Riflessioni di un giornalista che si guarda intorno.
Di Luciano Ragno

Mi bastano due parole.

Leggo sull'Ansa:
“È stato accolto dal governo l'ordine del giorno firmato dal leghista Igor Iezzi sull'apertura di una commissione o un tavolo tecnico che possa valutare, ‘nel rispetto dei principi costituzionali', in caso di reati di violenza sessuale, la possibilità per il condannato di aderire con il suo consenso a percorsi di assistenza sanitaria, sia psichiatrica sia farmacologica, anche con un eventuale trattamento di 'blocco androgenico'".
La Lega esulta. Salvini: “Tolleranza zero per stupratori e pedofili”.
D'accordo su assistenza psichiatrica e farmacologica. Come vuole la Società civile.
Mi bastano altre due parole per farmi sobbalzare: blocco androgenetico. Vogliono dire: castrazione chimica.
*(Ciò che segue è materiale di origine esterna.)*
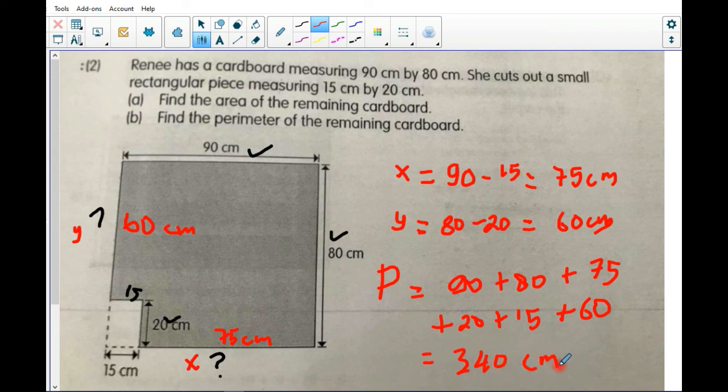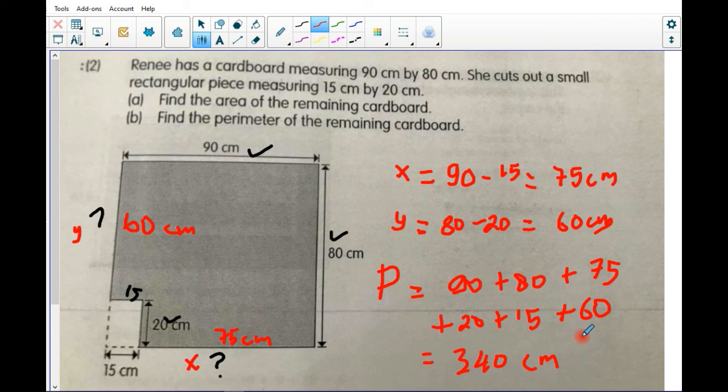That's all from me on how to solve word problems in perimeter and area. I hope you understand. Remember: read the question carefully many times, find the keywords, find the unknown sides, and remember the formula for perimeter and area. That's all — bye bye and see you!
Sia molto chiaro a evitare polemiche errate: la castrazione non andrebbe imposta obbligatoriamente ma proposta al condannato per avere un alleggerimento della pena (secondo alcuni la sospensione). Si dice: ma si fa in altri Paesi. Questo non ci obbliga a fare altrettanto, distinguersi è segno di indipendenza culturale. E di maturità.
Castrare una persona. Che parole terribili. Solo sentirle , piombo nel buio del Medioevo, quello più profondo dove c'erano le pene corporali.
Mi rifugio in Voltaire, era il XVIII secolo: “Là dove manca la carità, la legge è sempre crudele”.
Sono un giornalista e entro allora nella notizia. Su True-News.it del febbraio 1924 leggo il parere del criminologo Paolo Giuliani:
“La castrazione chimica potrebbe comportare un rischio di deresponsabilizzazione della persona coinvolta, portandola a credere di poter attribuire la propria condotta a un fattore “biologico” e non a una scelta che, nella maggior parte dei casi, è consapevole”.
Potrebbe quindi rivelarsi addirittura inutile. Ma a qualcuno addirittura fa comodo. Già prima dell'approvazione della legge.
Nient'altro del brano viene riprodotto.